IV. A arquitetura e sua relação com o Estado
1. Os arquitetos modernos, que têm a firme intenção de trabalhar de acordo com novos princípios, só podem considerar as academias oficiais e seus métodos estéticos e formalistas como instituições que impedem o progresso.
2. Essas academias são, por definição e por função, os conservadores do passado. Eles estabeleceram dogmas da arquitetura baseados nos métodos práticos e estéticos dos períodos históricos. As academias viciam a própria vocação do arquiteto na origem. O ponto de vista é falso e as consequências são falsas.
3. Os Estados devem, portanto, garantir a prosperidade do país, tirando o ensino da arquitetura das garras das academias.

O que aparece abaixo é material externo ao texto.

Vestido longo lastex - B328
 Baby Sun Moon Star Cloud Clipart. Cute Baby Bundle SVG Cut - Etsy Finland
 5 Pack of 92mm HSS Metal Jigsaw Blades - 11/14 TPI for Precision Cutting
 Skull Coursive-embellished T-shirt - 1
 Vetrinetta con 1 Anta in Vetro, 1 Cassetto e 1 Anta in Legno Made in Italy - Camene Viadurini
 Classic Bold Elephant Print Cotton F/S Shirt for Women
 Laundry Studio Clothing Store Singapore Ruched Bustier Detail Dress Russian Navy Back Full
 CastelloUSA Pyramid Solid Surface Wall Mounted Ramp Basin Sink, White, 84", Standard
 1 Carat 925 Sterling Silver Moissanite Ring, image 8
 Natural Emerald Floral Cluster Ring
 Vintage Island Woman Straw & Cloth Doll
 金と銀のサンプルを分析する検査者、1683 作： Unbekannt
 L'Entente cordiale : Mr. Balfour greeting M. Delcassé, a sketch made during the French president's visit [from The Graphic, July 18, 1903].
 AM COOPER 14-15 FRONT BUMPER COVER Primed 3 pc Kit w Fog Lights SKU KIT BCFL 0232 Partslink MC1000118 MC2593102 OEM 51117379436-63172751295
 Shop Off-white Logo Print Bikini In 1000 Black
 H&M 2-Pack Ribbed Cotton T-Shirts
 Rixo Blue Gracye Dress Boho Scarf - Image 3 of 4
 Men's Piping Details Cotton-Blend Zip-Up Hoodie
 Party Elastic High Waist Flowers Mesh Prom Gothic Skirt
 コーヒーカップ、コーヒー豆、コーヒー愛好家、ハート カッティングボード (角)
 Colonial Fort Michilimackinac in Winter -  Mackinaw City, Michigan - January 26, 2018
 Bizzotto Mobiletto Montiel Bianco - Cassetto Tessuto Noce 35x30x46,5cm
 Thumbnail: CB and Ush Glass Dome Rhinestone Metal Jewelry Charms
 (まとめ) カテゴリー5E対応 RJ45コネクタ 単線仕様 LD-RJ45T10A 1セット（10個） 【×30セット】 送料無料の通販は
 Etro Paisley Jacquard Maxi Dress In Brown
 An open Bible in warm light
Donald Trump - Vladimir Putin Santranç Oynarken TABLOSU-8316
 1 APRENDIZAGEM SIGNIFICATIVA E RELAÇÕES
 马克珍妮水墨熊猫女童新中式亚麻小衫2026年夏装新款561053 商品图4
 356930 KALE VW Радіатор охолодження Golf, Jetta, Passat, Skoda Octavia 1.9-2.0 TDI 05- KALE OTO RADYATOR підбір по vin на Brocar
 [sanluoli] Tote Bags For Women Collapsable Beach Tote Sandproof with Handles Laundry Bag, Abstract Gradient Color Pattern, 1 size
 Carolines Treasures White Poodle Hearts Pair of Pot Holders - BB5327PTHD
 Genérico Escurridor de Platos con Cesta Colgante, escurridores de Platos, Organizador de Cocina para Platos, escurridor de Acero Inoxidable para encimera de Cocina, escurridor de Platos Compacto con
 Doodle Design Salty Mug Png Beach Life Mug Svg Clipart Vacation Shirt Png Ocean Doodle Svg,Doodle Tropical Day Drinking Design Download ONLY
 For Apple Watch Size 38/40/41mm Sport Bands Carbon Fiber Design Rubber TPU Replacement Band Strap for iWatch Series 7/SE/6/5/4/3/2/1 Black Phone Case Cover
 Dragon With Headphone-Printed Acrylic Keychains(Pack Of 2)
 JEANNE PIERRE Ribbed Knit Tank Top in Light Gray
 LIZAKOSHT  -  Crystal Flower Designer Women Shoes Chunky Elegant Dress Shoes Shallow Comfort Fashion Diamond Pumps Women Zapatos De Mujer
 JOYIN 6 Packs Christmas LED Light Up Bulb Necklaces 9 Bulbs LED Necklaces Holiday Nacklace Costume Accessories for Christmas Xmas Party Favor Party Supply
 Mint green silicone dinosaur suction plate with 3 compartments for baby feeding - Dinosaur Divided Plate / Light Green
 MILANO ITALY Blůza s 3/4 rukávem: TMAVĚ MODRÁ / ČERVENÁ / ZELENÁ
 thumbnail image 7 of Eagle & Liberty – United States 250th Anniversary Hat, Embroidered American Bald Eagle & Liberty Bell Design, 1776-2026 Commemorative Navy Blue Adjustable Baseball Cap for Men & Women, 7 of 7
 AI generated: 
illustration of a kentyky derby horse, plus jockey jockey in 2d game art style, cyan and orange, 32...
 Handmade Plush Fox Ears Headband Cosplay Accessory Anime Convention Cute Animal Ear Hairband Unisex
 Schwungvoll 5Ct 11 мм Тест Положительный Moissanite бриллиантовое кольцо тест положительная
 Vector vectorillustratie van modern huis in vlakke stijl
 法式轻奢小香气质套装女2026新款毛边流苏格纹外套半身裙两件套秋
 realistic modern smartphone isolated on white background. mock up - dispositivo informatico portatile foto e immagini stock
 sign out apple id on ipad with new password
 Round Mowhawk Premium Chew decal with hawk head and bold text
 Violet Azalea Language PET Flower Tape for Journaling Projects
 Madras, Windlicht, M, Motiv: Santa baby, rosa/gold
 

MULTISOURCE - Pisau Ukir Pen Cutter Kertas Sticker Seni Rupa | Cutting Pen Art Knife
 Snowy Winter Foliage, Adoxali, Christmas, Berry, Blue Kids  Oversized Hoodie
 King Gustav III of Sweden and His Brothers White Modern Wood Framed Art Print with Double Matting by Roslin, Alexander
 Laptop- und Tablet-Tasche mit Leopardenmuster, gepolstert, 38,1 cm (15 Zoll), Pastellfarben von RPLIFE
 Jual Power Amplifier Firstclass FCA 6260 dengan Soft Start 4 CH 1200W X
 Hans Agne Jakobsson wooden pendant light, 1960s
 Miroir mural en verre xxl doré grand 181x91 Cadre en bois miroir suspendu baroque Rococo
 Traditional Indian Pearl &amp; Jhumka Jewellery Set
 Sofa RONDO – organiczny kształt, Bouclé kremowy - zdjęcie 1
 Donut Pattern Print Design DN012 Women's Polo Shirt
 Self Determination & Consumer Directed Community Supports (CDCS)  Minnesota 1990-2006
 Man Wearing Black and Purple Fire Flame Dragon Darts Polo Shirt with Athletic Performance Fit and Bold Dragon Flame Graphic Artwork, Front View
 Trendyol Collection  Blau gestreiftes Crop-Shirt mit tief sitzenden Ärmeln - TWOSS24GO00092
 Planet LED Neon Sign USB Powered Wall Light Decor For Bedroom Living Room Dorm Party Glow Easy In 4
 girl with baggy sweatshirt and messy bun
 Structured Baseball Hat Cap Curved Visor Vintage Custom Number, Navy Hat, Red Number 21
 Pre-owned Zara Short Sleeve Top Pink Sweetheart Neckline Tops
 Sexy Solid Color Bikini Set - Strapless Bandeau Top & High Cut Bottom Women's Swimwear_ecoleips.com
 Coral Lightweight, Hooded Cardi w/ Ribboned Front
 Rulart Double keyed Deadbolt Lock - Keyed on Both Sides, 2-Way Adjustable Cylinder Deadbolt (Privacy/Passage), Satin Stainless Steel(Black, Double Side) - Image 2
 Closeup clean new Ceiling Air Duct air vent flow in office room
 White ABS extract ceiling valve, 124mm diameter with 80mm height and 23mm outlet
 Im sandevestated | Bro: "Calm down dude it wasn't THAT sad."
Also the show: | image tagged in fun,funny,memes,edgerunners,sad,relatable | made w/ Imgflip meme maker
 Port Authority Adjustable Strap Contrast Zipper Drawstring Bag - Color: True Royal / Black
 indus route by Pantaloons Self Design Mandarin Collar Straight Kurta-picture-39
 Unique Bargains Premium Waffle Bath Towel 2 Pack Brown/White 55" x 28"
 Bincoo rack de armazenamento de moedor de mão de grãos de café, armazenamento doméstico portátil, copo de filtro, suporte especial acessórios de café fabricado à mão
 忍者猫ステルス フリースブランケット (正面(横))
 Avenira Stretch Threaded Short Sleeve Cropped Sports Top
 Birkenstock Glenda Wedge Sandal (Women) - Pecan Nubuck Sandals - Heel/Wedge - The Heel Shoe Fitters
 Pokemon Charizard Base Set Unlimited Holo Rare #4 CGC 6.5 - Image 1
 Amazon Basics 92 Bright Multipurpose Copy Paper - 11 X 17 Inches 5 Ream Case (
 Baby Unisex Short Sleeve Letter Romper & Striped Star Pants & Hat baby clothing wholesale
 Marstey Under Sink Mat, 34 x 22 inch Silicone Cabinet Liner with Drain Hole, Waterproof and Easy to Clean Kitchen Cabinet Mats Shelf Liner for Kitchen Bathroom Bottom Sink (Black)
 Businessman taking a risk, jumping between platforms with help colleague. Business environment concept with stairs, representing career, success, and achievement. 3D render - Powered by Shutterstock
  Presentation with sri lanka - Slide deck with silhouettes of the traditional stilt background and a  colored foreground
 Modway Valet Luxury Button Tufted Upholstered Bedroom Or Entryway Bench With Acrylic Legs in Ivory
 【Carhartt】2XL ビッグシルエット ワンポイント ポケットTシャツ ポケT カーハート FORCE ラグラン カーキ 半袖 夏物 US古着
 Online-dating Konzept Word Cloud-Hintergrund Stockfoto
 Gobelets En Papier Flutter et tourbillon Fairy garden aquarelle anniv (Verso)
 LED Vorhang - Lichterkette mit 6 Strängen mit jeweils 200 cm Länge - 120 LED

O passado nos ensina precisamente que nada é permanente, que tudo evolui e que o progresso avança constantemente.
4. Os Estados, renunciando agora a confiar nas academias, devem revisar os métodos de ensino da arquitetura e se preocupar com esta questão, pois estão preocupados com todos aqueles cujo propósito é fornecer ao país as organizações mais produtivas e avançadas.
5. O academismo leva os Estados a gastar consideráveis quantias de dinheiro na construção de edifícios monumentais, contrários à utilização eficiente de recursos, exibindo um luxo fora de moda em detrimento das tarefas mais urgentes do planejamento urbano e habitacional.
6. Na mesma linha, todas as prescrições do Estado que, de alguma forma, tendem a influenciar a arquitetura dando-lhe uma orientação puramente estética são um obstáculo ao seu desenvolvimento e devem ser vigorosamente combatidas.
7. A nova atitude do arquiteto, pela qual ele deseja ressituar-se na realidade econômica, torna supérfluas todas as pretensões ao patronato oficial.
8. Se os Estados assumissem o contrário de sua atitude atual, provocariam um verdadeiro renascimento arquitetônico que seria naturalmente integrado à orientação geral do desenvolvimento econômico e social do país.
28 de junho de 1928.
A declaração foi assinada pelos seguintes arquitetos:
Hendrik Petrus Berlage (Haia); Victor Bourgeois (Bruxelas); Pierre Chareau (Paris); Josef Frank (Viena); Gabriel Guévrékian (Paris); Max Ernst Haefeli (Zurique); Hugo Häring (Berlim); Arnold Hoechel (Genebra); Huib Hoste (Bruges); Pierre Jeanneret (Paris); Le Corbusier (Paris); André Lurçat (Paris); Sven Markelius (Estocolmo); Ernst May (Frankfurt); Garcia Mercadal (Madrid); Hannes Meyer (Dessau); Werner Max Moser (Zurique); Carlo Enrico Rava (Milão); Gerrit Rieveld (Utreque); Alberto Sartoris (Turim); Hans Schmidt (Basileia); Mart Stam (Roterdã); Rudolf Steiger (Zurique); Szymon Syrkus (Varsóvia); Henri-Robert von der Mühll (Lausana); Juan de Zavala (Madrid).